Roberto Rodriguez Tejera, a well-known Spanish-language radio and television host in Miami, says he won’t endorse Trump or Clinton, arguing neither has engaged in genuine, personal outreach to average Cuban and other Hispanic voters. But Tejera asks his audiences to compare Trump’s assertions that “I am your voice” and “I alone can solve” societal ills to the initial appeals of authoritarian rulers like Cuba’s Fidel Castro and the late Hugo Chavez in Venezuela.

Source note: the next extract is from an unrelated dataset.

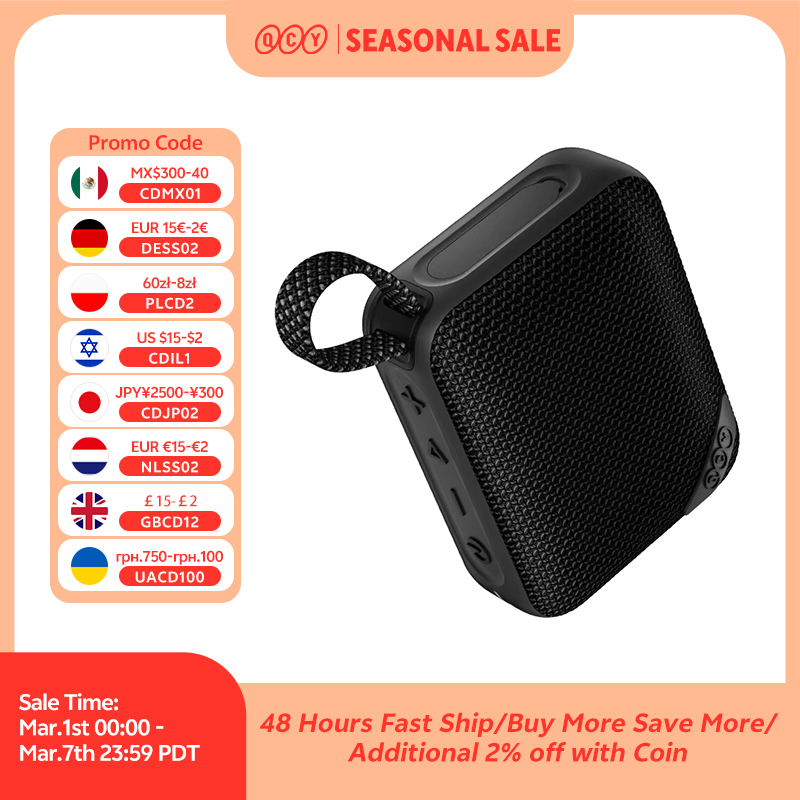  QCY SP2 Mini Speaker Bluetooth 5.3 Wireless Deep Bass HIFI Sound Box Portable RGB Light Speaker IP67 Waterproof Subwoofer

“It goes well beyond immigration to the very nature of our Latin-American problem,” Tejera said in an interview. “Many of us remember how it starts. It starts with questioning institutions. Then you destroy institutions – you being the only person in the world who can save the nation from collapse.”

Fernand Amandi, a Democratic south Florida pollster, estimates the Cuban-American vote could approach eight percent of the eight million-plus ballots cast in Florida in November. Amandi said Cuban-Americans are “the only Hispanic group in the country” to support Trump over Clinton in preference polling, but not by a margin victorious Republican nominees have managed.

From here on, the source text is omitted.